On Fri, Aug 6, 2010 at 12:48 AM, Alexey Zinger <[email protected]>wrote:

> Very interesting read, but I gotta ask about toUpperCase(Locale).  You've
> soundly debunked the idea of using toLowerCase(Locale) as a reliable
> internationalizable way of comparing strings irrespective of
> capitalization.  Am I wrong in considering toUpperCase(Locale) as a more
> suitable alternative?  It seems your examples would lead one to believe so.
>
> Alexey
>
>
> ------------------------------
> *From:* Reinier Zwitserloot <[email protected]>
> *To:* The Java Posse <[email protected]>
> *Sent:* Wed, August 4, 2010 10:07:54 AM
> *Subject:* [The Java Posse] Dick, that's not how you compare strings!
>
> This is a long post that is mostly a fun walk through a few different
> languages used on planet earth, showing why the entire concept of
> 'upper' and 'lower' case is mostly broken if one ascribes to the
> theory that english isn't the only language around. The summary, in
> case you don't want to read it all, boils down to this: (A) Use
> String.CASE_INSENSITIVE_ORDER, it's better than toLowerCase()ing both
> arguments, and (B) actually, don't use that either, use
> java.util.Collator.
>
> But, if you have a casual interest in learning something, by all means
> read on!
>
> From one of the many scala threads, dick uses .toLowerCase() as a
> placeholder for case insensitive string comparison, arguing that for
> example this:
>
> list.sort(_.toLowerCase);
>
> is much simpler than the java alternative, which in Dick's example is
> e.g. an Anonymous inner class literal to supply an implementation of
> Comparator.
>
> That's a flawed example. The right way to do this in java would be:
>
> Collections.sort(list, String.CASE_INSENSITIVE_ORDER);
>
> but it gets much worse, because this just isn't how one should ever
> compare strings. I'll give you three examples:
>
> EXAMPLE 1: The Eszett character.
>
> In german, a certain ligature for two consecutive s characters has
> been used so much for so long it's considered its own unique
> character. The Eszett or 'Scharfes s': ß. It shows up all over the
> place in german, for example in the word street, which is straße in
> german. The Eszett is somewhat unique in that it has no capital form.

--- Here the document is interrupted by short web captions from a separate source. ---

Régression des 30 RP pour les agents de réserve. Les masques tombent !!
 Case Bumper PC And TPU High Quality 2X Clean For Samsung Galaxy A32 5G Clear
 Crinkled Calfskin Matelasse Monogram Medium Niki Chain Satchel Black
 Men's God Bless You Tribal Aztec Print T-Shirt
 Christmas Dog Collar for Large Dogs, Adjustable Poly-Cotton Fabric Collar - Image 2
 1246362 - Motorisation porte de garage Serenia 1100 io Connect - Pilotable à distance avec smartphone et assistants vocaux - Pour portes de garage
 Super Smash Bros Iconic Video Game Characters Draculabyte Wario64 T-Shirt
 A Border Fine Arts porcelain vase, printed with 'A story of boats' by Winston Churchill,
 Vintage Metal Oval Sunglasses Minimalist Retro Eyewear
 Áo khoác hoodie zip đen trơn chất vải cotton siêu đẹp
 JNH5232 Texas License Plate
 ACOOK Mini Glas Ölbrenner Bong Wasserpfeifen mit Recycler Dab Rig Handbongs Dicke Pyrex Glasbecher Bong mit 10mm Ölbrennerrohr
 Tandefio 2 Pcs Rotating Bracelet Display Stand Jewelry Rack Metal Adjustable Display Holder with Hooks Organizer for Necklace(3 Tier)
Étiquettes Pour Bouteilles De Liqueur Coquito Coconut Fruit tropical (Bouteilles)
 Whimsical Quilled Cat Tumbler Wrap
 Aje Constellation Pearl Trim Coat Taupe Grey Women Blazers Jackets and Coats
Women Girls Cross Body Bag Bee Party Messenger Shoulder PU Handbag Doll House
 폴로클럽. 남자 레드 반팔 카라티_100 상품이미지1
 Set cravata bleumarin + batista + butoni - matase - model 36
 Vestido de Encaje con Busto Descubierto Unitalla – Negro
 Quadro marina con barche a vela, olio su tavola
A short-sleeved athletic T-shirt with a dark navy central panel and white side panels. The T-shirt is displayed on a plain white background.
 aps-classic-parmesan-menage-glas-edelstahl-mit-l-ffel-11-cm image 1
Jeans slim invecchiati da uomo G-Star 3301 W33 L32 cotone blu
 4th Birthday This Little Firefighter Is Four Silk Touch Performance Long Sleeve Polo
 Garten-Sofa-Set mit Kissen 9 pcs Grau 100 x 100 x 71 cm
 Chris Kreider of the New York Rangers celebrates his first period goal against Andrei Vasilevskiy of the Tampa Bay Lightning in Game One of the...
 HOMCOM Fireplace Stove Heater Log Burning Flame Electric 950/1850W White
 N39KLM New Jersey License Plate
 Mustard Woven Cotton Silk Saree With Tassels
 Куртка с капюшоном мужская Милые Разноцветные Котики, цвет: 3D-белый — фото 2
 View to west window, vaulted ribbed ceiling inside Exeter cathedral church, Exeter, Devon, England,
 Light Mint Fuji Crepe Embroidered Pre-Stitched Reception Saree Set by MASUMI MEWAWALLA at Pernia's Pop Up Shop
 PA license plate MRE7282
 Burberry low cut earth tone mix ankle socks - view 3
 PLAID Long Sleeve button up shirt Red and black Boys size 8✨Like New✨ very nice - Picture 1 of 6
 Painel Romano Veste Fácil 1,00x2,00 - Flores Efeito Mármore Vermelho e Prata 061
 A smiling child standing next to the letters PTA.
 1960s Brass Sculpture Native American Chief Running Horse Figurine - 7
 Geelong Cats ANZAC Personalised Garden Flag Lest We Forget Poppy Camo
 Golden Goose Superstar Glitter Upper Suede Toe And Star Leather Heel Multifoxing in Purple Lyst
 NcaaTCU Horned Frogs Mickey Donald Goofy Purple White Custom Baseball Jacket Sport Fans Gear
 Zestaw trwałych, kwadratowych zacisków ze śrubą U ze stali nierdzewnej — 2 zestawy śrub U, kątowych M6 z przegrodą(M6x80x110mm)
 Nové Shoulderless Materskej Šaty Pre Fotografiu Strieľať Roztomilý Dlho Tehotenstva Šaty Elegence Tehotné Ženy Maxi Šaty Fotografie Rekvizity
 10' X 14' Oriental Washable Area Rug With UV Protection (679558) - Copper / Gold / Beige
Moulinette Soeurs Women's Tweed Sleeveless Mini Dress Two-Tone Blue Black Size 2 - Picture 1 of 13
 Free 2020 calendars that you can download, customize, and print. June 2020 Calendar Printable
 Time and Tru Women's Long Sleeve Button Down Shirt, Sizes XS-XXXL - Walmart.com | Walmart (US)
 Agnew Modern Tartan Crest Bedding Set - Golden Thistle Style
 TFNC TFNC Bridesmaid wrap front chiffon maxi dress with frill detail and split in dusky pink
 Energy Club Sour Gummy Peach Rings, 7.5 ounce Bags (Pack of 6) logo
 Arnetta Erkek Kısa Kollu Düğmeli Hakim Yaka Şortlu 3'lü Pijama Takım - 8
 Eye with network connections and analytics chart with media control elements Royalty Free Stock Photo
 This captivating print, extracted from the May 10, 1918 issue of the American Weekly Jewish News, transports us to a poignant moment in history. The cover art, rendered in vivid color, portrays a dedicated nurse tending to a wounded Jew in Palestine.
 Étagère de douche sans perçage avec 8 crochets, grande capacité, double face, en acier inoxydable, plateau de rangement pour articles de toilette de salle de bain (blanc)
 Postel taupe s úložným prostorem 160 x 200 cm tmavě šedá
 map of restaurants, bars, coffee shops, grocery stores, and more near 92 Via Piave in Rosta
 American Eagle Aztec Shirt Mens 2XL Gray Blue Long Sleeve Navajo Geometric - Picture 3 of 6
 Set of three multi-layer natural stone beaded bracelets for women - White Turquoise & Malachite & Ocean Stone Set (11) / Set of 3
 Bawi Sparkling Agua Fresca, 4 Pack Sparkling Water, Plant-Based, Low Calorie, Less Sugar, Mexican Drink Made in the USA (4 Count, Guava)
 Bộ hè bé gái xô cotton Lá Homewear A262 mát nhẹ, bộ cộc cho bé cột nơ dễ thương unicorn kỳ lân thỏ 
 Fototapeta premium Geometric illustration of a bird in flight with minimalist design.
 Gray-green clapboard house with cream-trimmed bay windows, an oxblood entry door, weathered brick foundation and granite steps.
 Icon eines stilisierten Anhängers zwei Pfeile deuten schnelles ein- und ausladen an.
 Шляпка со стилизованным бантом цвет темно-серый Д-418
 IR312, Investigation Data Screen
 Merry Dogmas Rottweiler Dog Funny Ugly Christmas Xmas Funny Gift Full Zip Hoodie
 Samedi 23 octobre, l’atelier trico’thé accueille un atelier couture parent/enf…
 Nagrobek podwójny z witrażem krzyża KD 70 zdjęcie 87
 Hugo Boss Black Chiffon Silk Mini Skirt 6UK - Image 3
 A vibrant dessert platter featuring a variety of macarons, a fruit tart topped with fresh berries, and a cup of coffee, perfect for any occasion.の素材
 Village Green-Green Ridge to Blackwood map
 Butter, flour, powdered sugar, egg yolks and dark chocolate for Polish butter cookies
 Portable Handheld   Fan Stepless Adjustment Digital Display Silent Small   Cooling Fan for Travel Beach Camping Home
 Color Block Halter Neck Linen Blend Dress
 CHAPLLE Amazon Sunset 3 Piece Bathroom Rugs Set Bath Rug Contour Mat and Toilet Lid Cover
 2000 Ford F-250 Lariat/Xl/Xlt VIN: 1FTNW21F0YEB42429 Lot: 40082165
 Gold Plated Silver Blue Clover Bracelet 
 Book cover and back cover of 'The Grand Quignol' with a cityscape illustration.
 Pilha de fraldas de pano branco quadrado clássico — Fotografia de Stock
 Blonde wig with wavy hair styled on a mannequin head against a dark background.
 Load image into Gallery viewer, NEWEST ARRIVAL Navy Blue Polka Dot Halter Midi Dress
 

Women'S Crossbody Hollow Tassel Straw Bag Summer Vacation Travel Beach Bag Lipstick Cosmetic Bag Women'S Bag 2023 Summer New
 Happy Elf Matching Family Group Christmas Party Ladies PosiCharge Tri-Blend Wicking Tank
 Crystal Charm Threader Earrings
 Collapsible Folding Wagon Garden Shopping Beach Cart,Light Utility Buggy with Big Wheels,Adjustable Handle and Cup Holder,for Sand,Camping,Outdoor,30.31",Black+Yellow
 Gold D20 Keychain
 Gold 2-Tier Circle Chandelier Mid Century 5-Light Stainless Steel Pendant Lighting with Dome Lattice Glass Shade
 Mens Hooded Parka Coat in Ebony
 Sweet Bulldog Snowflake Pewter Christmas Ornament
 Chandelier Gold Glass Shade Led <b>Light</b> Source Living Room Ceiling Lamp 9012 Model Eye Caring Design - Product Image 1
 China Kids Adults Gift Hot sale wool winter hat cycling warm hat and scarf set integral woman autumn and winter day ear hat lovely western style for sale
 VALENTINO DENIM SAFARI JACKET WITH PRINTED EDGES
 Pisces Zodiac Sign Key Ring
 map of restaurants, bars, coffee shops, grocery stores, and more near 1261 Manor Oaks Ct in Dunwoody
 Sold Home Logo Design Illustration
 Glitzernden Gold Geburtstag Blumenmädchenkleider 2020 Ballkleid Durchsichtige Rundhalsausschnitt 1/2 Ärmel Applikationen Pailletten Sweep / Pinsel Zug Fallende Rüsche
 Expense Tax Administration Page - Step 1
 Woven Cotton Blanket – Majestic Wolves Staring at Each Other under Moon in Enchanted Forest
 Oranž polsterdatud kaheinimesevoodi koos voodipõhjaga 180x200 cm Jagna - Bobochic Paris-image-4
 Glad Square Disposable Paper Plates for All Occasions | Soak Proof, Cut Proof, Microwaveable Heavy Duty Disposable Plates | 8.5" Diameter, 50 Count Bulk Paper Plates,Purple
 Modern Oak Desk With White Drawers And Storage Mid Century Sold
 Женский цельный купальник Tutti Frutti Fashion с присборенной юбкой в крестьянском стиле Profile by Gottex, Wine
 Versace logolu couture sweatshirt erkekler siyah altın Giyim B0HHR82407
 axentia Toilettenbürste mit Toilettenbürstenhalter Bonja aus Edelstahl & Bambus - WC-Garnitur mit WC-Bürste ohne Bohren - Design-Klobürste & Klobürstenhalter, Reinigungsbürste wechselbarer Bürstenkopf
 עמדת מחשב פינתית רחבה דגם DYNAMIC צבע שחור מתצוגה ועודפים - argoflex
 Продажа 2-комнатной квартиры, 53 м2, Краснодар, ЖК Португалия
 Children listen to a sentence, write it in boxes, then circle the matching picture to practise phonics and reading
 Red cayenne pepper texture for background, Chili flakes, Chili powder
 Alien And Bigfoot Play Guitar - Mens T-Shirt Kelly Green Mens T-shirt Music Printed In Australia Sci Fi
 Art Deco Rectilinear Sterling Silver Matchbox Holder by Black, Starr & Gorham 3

> Words don't start with double s so there has never been a reason to
> capitalize it. Instead, if you ask a german to write street in all
> caps, they'd write "STRASSE".
>
> Uhoh. That's not a reversible operation! The lowercase form of
> "STRASSE" is "strasse", and even knowing that the locale is german,
> you can't just guess that double-s *ALWAYS* becomes ß character. You'd
> need a dictionary. Arguably you're better off doing that conversion
> than not doing it if you know its german (more likely), but it won't
> be a sure thing. Nevertheless, trying to check if "straße" and
> "STRASSE" are two equal strings under case insensitive comparison
> SHOULD return true, and not false, but while that's in the cards,
> using .toLowerCase() as a proxy for case insensitive comparison is
> never going to get us that.
>
> Java screws this up, though. Java has chosen to adopt the unicode
> invention of the capital Eszett, which nobody in germany uses and is
> clearly a silly idea: You don't hack a living, breathing language to
> get around i18n problems. If that's feasible we might as well tell the
> world to stop whining and only use english when using machines. Even
> more dire, String.CASE_INSENSITIVE_ORDER does not in fact return
> '0' (indicating equality) when comparing straße and STRASSE, even
> though every single language that uses the ß (german. That's it!) says
> those two are case-insensitive equal. Nevertheless, the fact that java
> has a bug here does not excuse the brokenness of the 'toLowerCase() is
> an alternative for case insensitive comparison' meme.
>
> EXAMPLE 2: The turkish dotless/dotted i and the somewhat famous: PHP
> is completely broken on Turkish machines problem.
>
> The ß vs. SS issue indicates that toLowerCase() isn't a valid
> replacement for case insensitive comparison, but it gets worse. You
> can't, in fact, say anything whatsoever about casing, or case
> insensitive equality, without knowing the locale you're operating in.
> In turkish there's not one 'i' but two: The dotted i and the dotless
> i. Where this gets crazy is the capital forms of those. The capital
> form of 'i' is a _dotted_ capital I, and the capital form of dotless
> 'i' is our normal, familiar capital I, which doesn't have a dot in it.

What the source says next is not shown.